In this tutorial, we are going to build Apache Spark using EasyBuild and perform some basic checks. You are free then to follow any online tutorial to apply the Spark framework over any relevant application for your domain.

IMPORTANT: Ensure you have completed successfully all precedent hands-on, in particular the one on Hadoop.
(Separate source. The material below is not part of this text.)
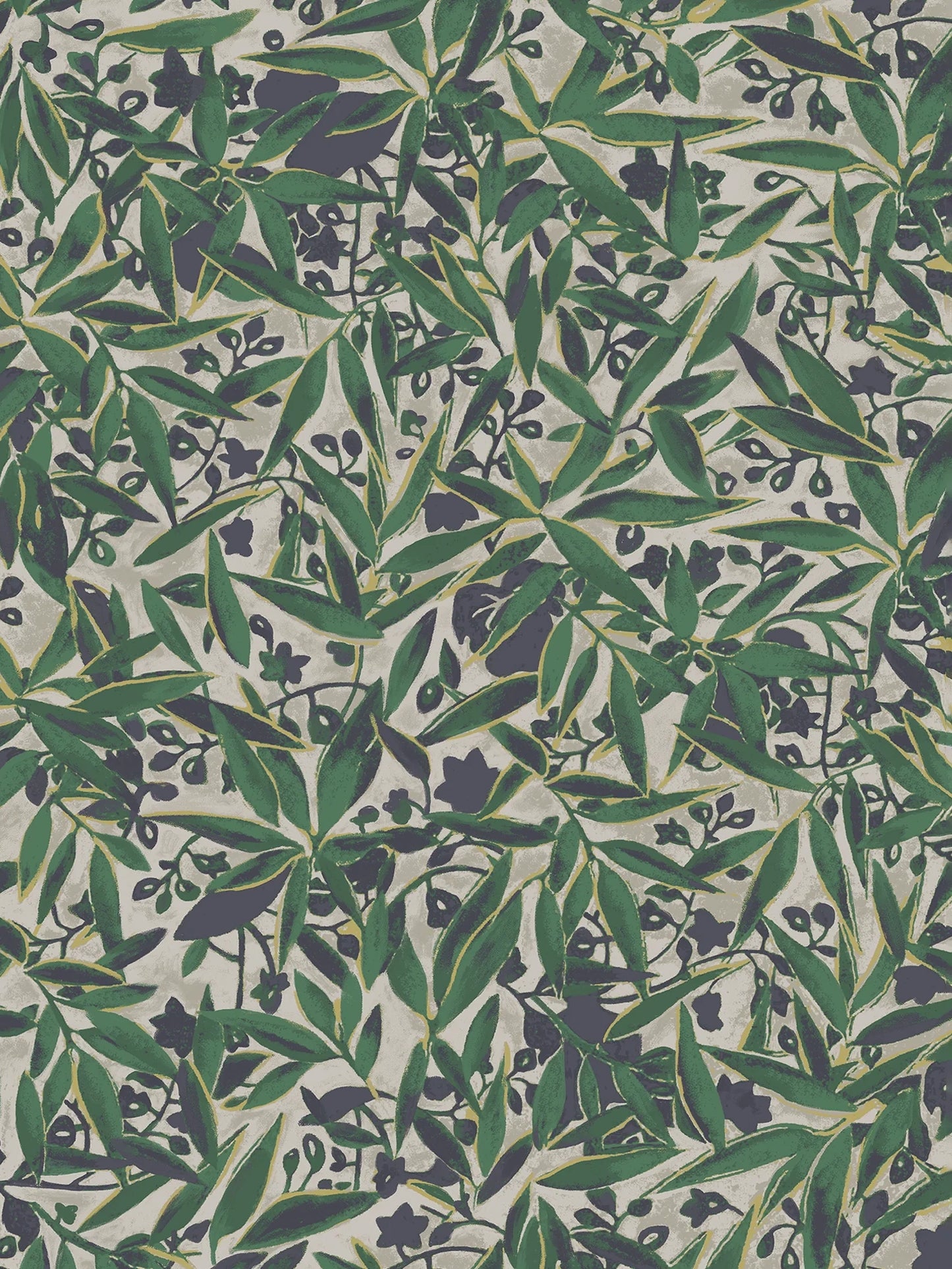 Ome Verde Wallpaper Wallpaper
Building Spark with Easybuild

We'll proceed in what should become you classical approach:

$> vagrant ssh    # Or 'vagrant ssh default', if not yet done
$> mu
$> module av      # or 'module available' or 'ma'

# Search for available ReciPY for spark
$> eb -S Spark
CFGS1=/home/vagrant/.local/easybuild/software/tools/EasyBuild/3.5.1/lib/python2.7/site-packages/easybuild_easyconfigs-3.5.1-py2.7.egg/easybuild/easyconfigs/s/Spark
 * $CFGS1/Spark-1.3.0.eb
 * $CFGS1/Spark-1.4.1.eb
 * $CFGS1/Spark-1.5.0.eb
 * $CFGS1/Spark-1.6.0.eb
 * $CFGS1/Spark-1.6.1.eb
 * $CFGS1/Spark-2.0.0.eb
 * $CFGS1/Spark-2.0.2.eb
 * $CFGS1/Spark-2.2.0-Hadoop-2.6-Java-1.8.0_144.eb
 * $CFGS1/Spark-2.2.0-Hadoop-2.6-Java-1.8.0_152.eb
 * $CFGS1/Spark-2.2.0-intel-2017b-Hadoop-2.6-Java-1.8.0_152-Python-3.6.3.eb

Install it globally (i.e. with eb --installpath=/opt/apps/ [...] or global_eb):

$> cd /vagrant/resources/java
$> time global_eb Spark-2.2.0-Hadoop-2.6-Java-1.8.0_152.eb -Dr   # Dry-run
$> time global_eb Spark-2.2.0-Hadoop-2.6-Java-1.8.0_152.eb -r

It takes approximately 3 min to have it done.

Loading the module

$> module load devel/Spark

The following have been reloaded with a version change:
  1) lang/Java/1.7.0_80 => lang/Java/1.8.0_152

Notice the last message (coming from the fact that Hadoop was previsouly loaded). That's one of the interest of LMod over the regular Environment Modules.